Lucas a observou em silêncio por alguns segundos. Ele queria acreditar nela. Queria acreditar que a mulher racional e focada que ele tanto admirava — e que amava em segredo — estava no controle absoluto da situação. Mas o instinto de Lucas, livre das amarras de qualquer maldição, dizia que o perigo já havia cruzado a soleira da porta.

— Tudo bem — Lucas cedeu, aproximando-se e colocando a mão espalmada sobre as plantas que ela tentava enrolar de forma desajeitada. — Só... prometa que vai manter os olhos abertos. Homens como Marcos Fontes costumam achar que podem comprar tudo. Espaços, projetos... e pessoas.
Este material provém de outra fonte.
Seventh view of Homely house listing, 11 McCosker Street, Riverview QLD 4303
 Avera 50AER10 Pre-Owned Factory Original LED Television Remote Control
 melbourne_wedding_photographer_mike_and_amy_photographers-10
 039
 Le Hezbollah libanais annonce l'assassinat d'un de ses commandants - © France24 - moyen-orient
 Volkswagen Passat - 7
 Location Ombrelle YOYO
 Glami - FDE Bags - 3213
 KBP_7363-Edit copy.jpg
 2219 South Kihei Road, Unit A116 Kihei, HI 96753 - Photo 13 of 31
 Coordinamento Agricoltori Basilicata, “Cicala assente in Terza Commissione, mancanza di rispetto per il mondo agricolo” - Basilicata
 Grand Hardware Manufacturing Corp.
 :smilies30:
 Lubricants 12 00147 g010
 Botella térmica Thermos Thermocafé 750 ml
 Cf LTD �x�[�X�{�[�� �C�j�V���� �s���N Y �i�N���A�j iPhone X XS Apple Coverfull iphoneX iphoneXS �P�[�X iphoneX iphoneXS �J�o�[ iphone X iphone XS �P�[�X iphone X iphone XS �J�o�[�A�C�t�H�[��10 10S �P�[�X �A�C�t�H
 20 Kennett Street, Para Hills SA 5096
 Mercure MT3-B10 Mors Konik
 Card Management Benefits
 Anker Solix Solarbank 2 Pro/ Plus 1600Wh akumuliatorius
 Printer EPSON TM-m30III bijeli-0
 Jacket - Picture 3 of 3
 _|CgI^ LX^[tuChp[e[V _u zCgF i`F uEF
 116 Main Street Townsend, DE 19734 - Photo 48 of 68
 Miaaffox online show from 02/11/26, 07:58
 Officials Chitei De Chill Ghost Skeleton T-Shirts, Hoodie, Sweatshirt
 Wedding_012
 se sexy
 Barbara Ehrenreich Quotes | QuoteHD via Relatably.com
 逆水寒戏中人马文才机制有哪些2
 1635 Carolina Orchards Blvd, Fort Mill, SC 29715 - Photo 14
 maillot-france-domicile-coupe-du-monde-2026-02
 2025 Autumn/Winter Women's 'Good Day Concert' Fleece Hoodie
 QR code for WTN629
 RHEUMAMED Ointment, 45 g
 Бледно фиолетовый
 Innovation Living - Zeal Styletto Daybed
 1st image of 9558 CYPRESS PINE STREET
Aléxia olhou para a mão de Lucas, tão familiar e segura, e depois para o rosto dele. O contraste entre a calmaria que Lucas oferecia e a tempestade elétrica que Marcos injetara em suas veias era quase doloroso.

— Eu prometo — ela mentiu suavemente, oferecendo um sorriso frágil. — Eu estou no controle, lembra? Eu não sou a minha mãe.

Lucas assentiu, retirando a mão e dando-lhe o espaço que ela pedia. Ele se retirou da sala com passos silenciosos, deixando-a sozinha com seus pensamentos.

Aléxia caminhou até a janela. A chuva lá fora parecia ter engrossado, lavando as ruas cinzentas da cidade. Ela levou a mão ao peito, sentindo o ritmo ainda acelerado de seu coração. Pela primeira vez em muitos anos, a certeza de que era imune ao destino das mulheres Santos pareceu vacilar.

O sangue que corria em suas veias não havia mudado. E, em algum lugar profundo de seu ser, Aléxia sabia que a maldição acabara de encontrá-la.